▶ Assignment: Copy verbatim the span of lines beginning at the line that contains "2018 Detroit Diesel" and ending with the final line of the data. Exclude pictures from the copy.

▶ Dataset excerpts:
*-*-*
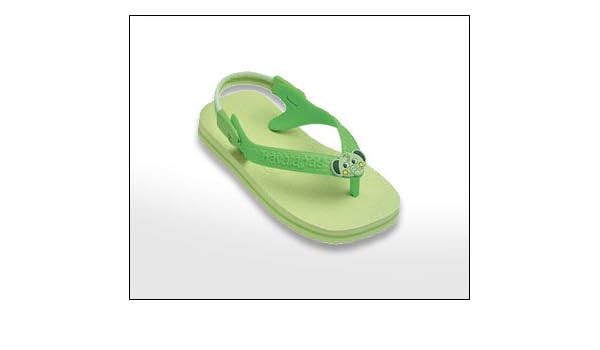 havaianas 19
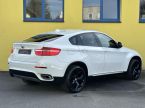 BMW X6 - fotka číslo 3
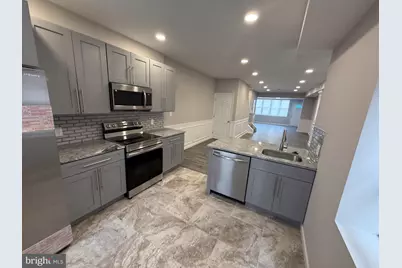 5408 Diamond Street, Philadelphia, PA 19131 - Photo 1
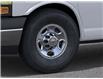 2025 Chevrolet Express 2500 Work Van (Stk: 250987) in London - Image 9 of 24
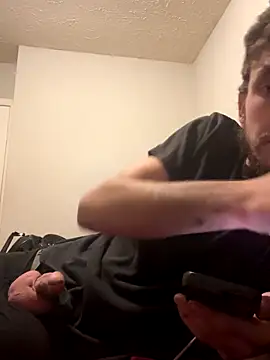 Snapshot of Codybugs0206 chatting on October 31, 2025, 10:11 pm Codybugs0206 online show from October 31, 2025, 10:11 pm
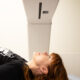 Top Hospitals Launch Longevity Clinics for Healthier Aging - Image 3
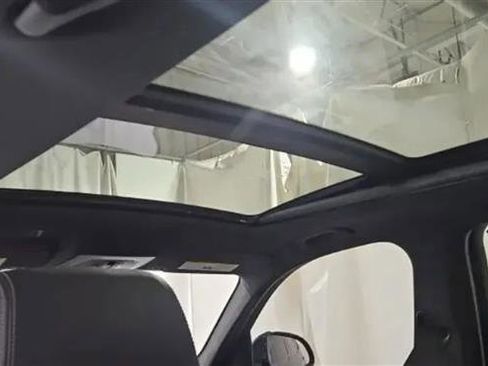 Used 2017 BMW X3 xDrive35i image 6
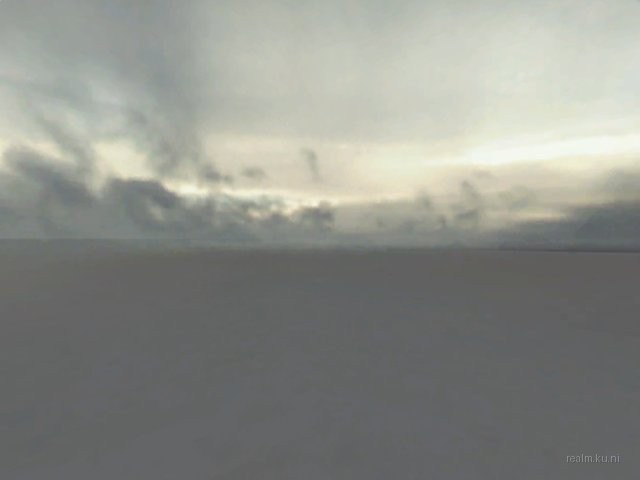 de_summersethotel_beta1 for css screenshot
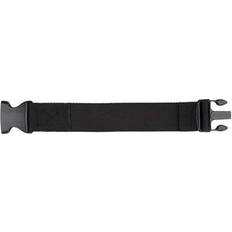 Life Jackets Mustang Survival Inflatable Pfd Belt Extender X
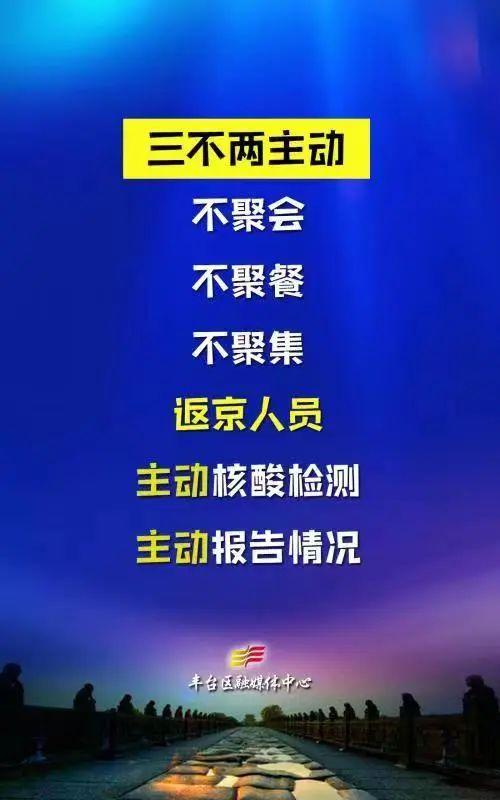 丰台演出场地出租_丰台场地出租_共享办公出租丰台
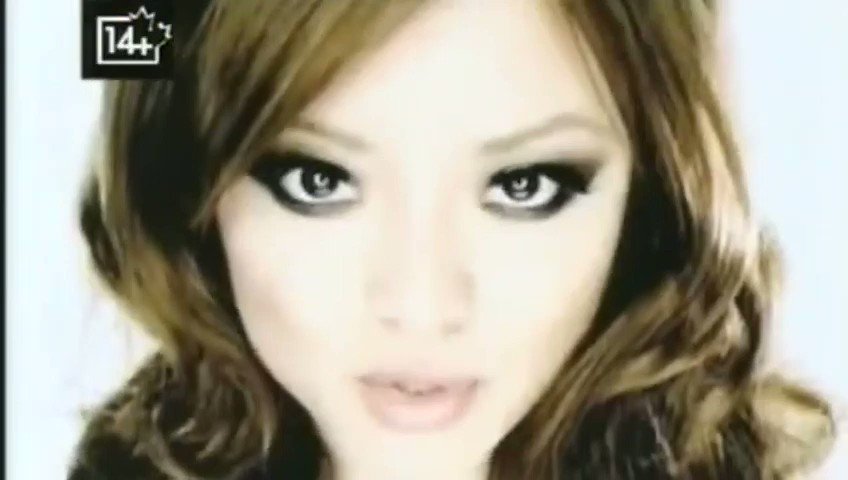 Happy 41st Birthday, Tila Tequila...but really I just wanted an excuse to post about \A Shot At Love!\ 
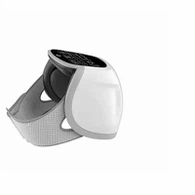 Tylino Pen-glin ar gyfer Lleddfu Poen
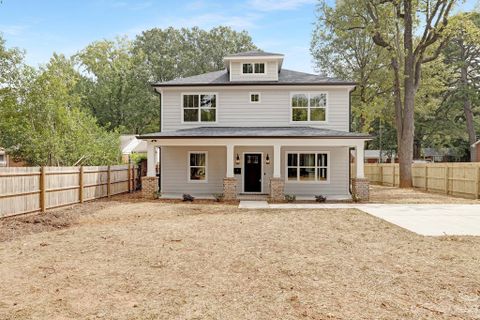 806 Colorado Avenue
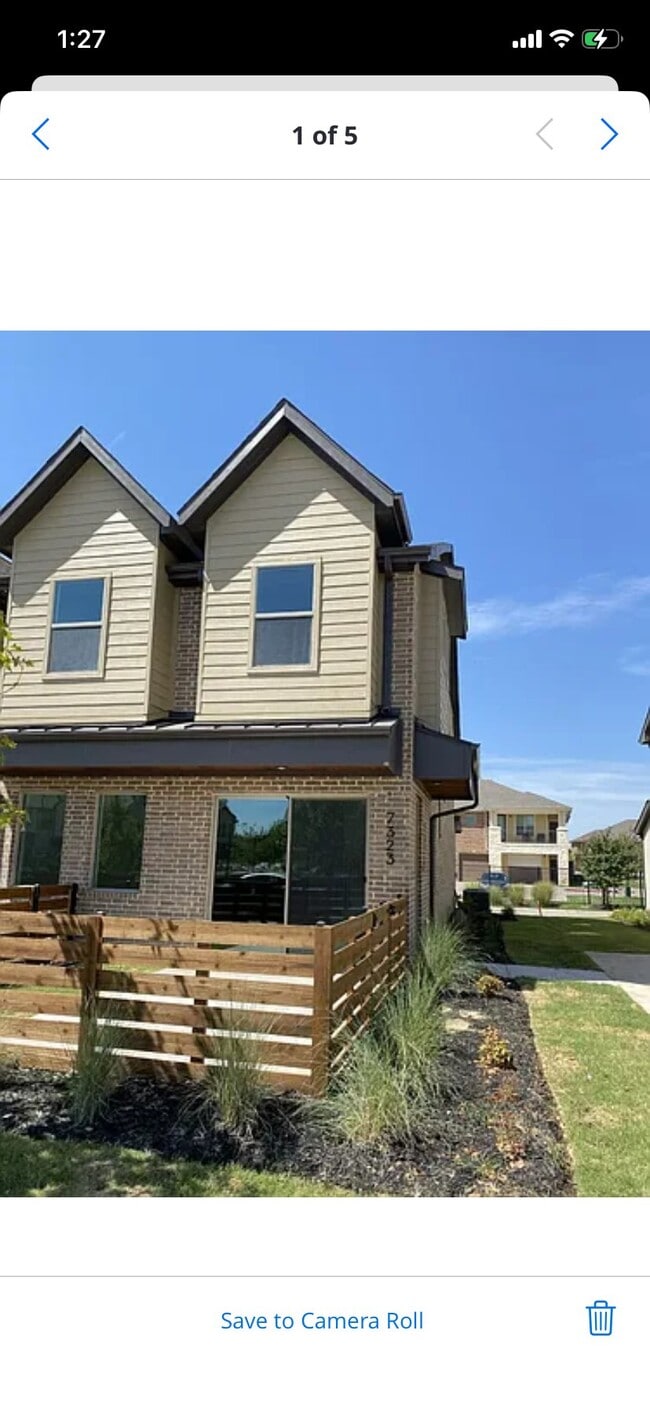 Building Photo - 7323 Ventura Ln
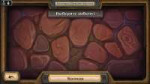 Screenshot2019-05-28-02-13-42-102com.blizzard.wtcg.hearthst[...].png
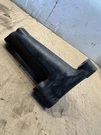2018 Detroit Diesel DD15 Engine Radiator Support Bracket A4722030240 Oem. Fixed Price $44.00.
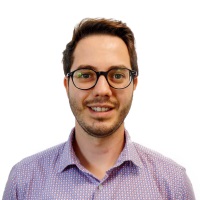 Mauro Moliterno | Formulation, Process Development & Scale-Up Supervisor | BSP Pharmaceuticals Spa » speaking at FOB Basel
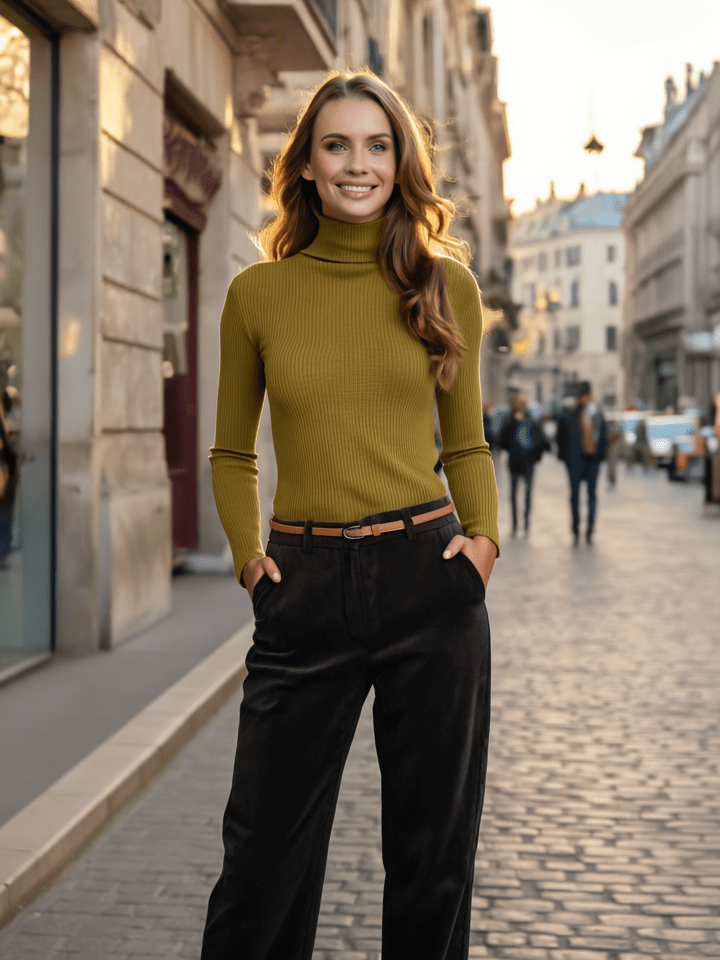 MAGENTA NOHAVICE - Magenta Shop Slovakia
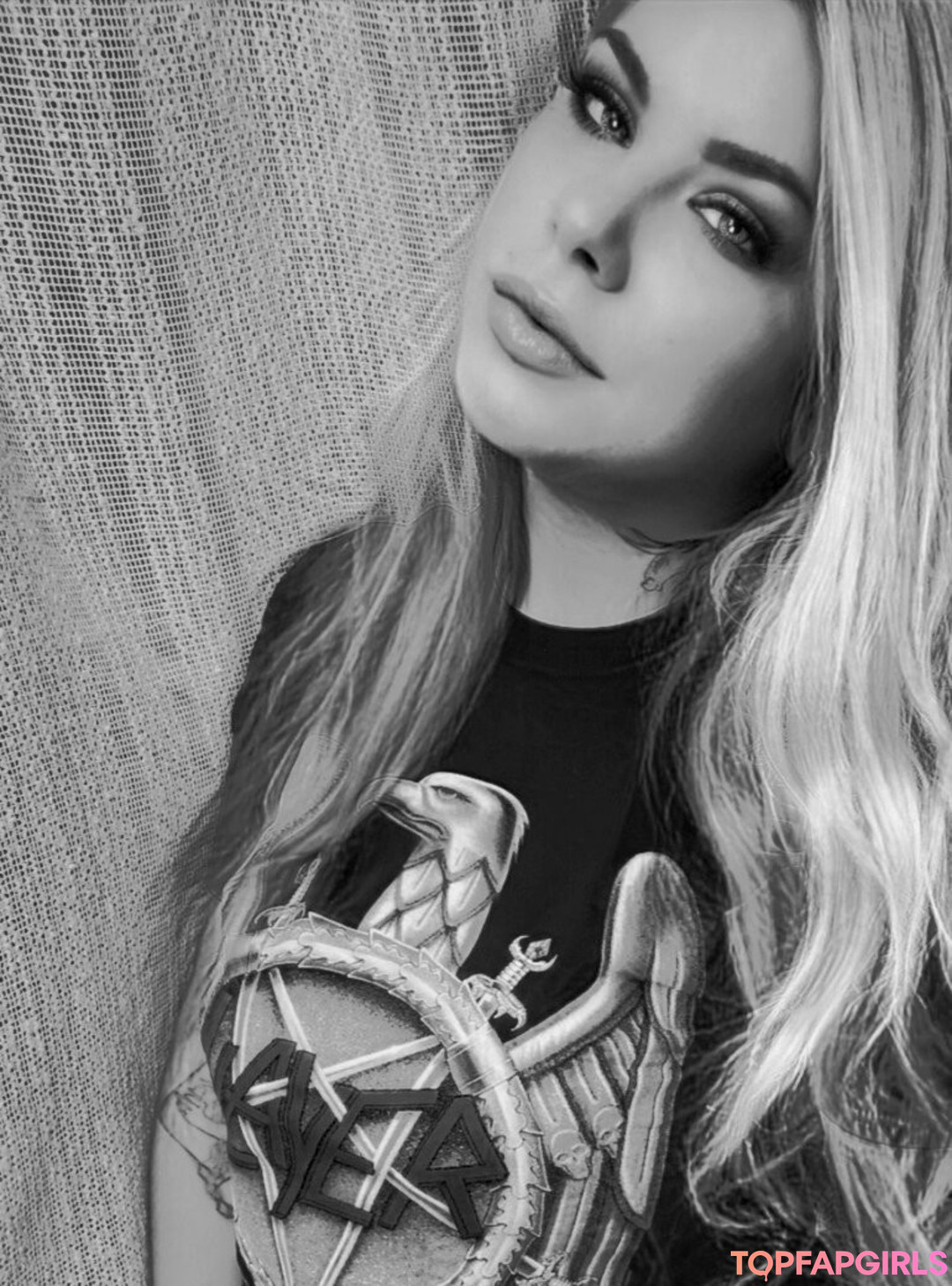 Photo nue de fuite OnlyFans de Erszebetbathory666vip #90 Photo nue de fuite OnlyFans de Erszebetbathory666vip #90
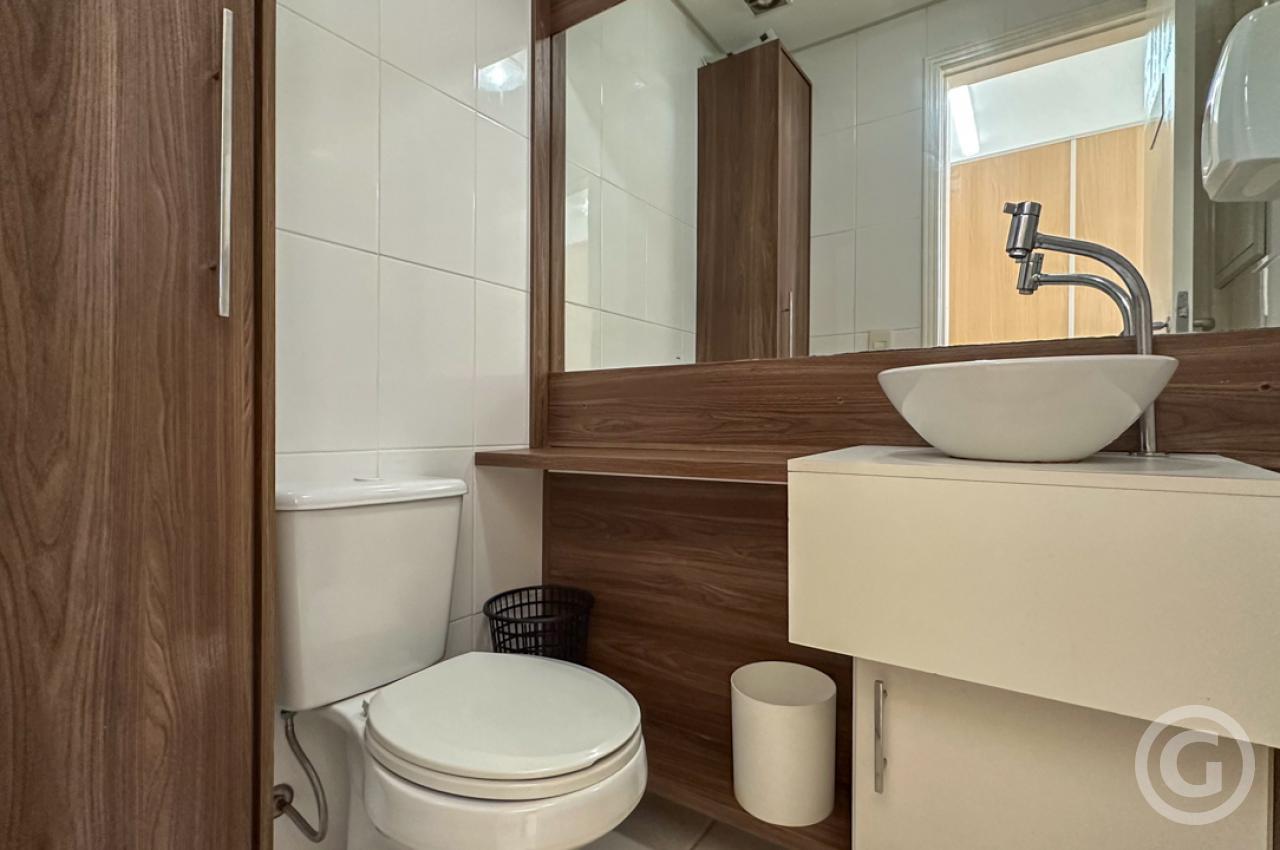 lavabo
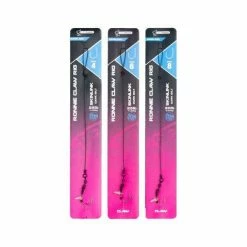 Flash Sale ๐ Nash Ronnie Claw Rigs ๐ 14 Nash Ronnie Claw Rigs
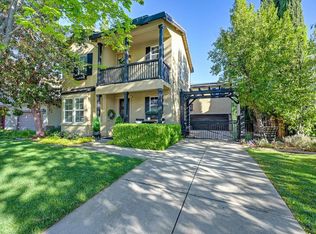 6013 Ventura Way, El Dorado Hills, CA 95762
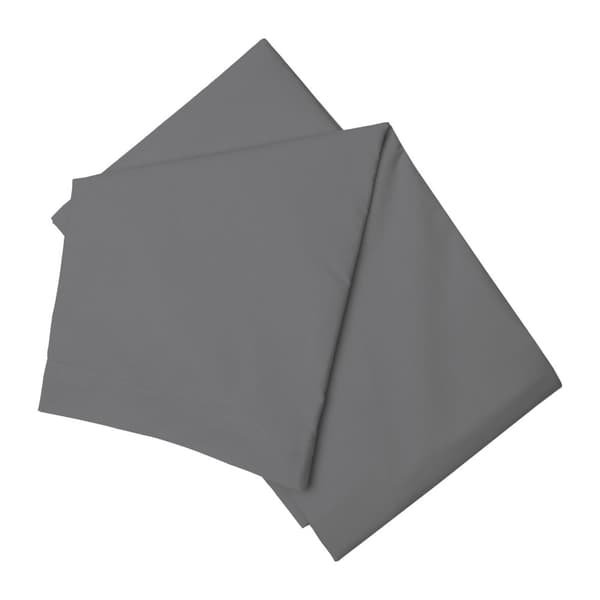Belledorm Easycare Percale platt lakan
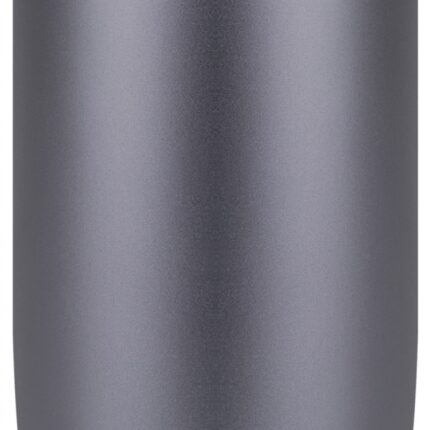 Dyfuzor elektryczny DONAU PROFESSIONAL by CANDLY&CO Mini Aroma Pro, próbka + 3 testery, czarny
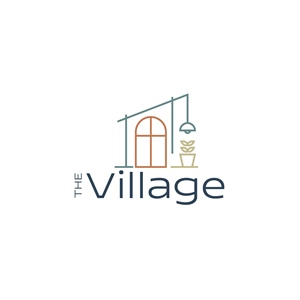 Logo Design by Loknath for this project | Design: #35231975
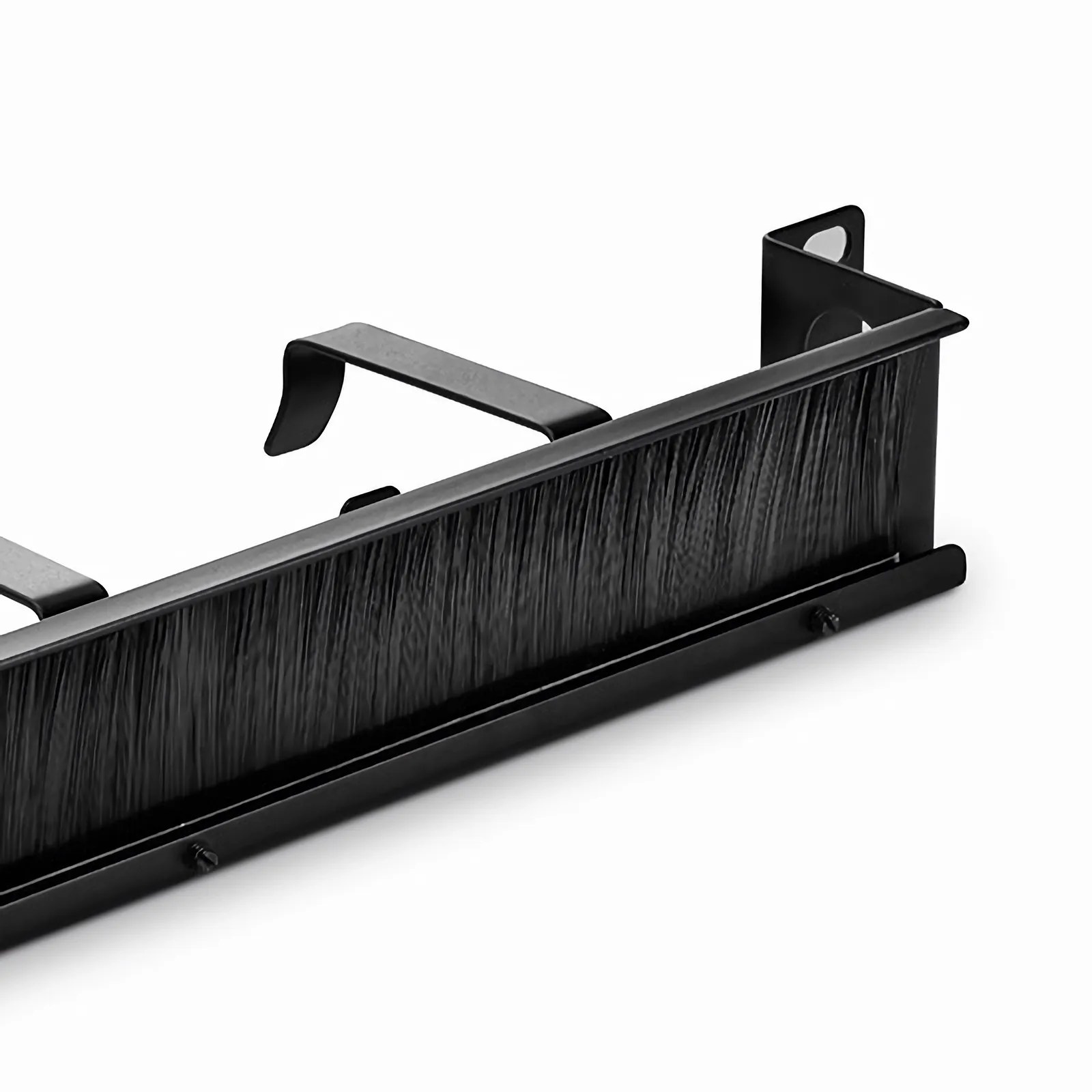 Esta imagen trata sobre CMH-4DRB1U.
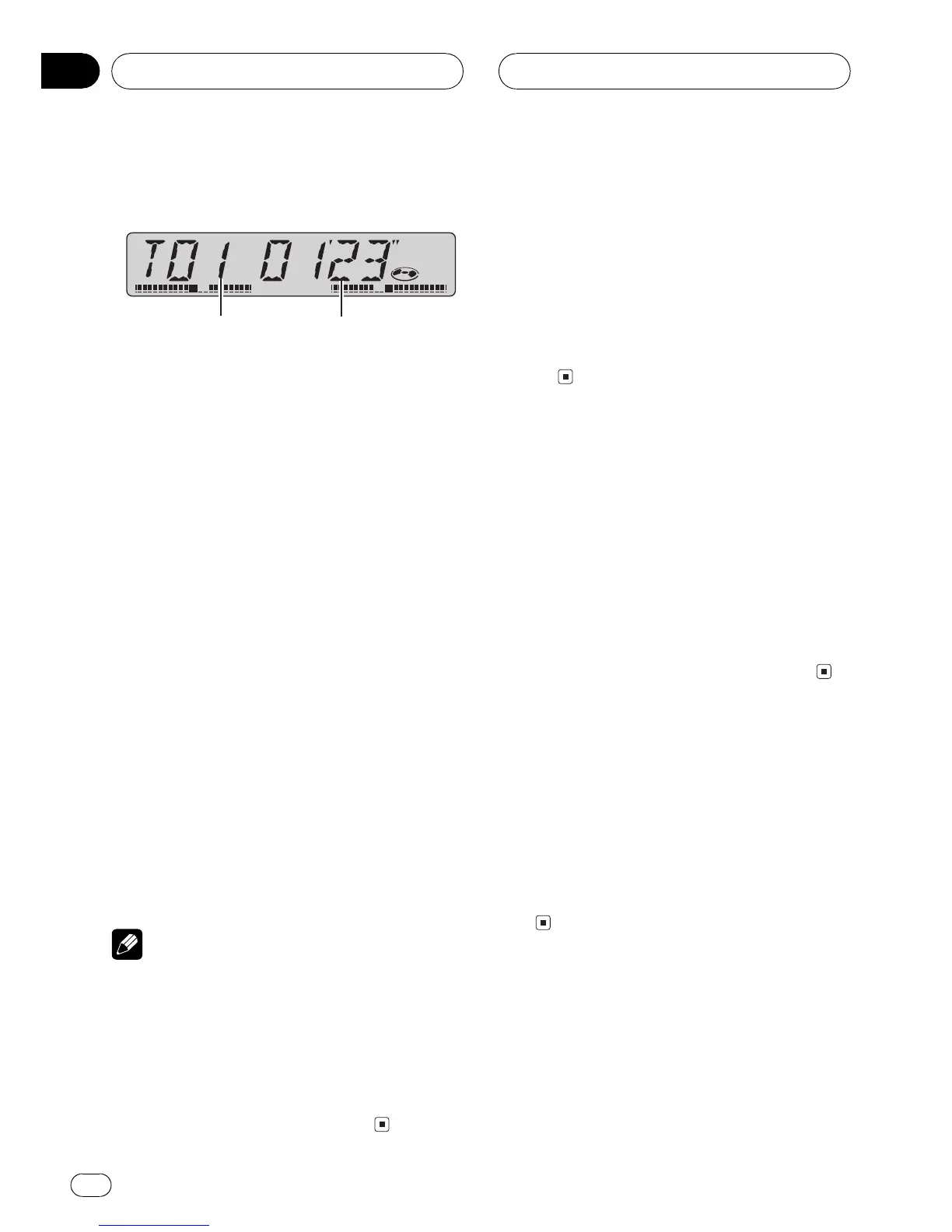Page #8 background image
*-*-*
▶ The answer:
2018 Detroit Diesel DD15 Engine Radiator Support Bracket A4722030240 Oem. Fixed Price $44.00.
 Mauro Moliterno | Formulation, Process Development & Scale-Up Supervisor | BSP Pharmaceuticals Spa » speaking at FOB Basel
 MAGENTA NOHAVICE - Magenta Shop Slovakia
 Photo nue de fuite OnlyFans de Erszebetbathory666vip #90 Photo nue de fuite OnlyFans de Erszebetbathory666vip #90
 lavabo
 Flash Sale ๐ Nash Ronnie Claw Rigs ๐ 14 Nash Ronnie Claw Rigs
 6013 Ventura Way, El Dorado Hills, CA 95762
Belledorm Easycare Percale platt lakan
 Dyfuzor elektryczny DONAU PROFESSIONAL by CANDLY&CO Mini Aroma Pro, próbka + 3 testery, czarny
 Logo Design by Loknath for this project | Design: #35231975
 Esta imagen trata sobre CMH-4DRB1U.
Page #8 background image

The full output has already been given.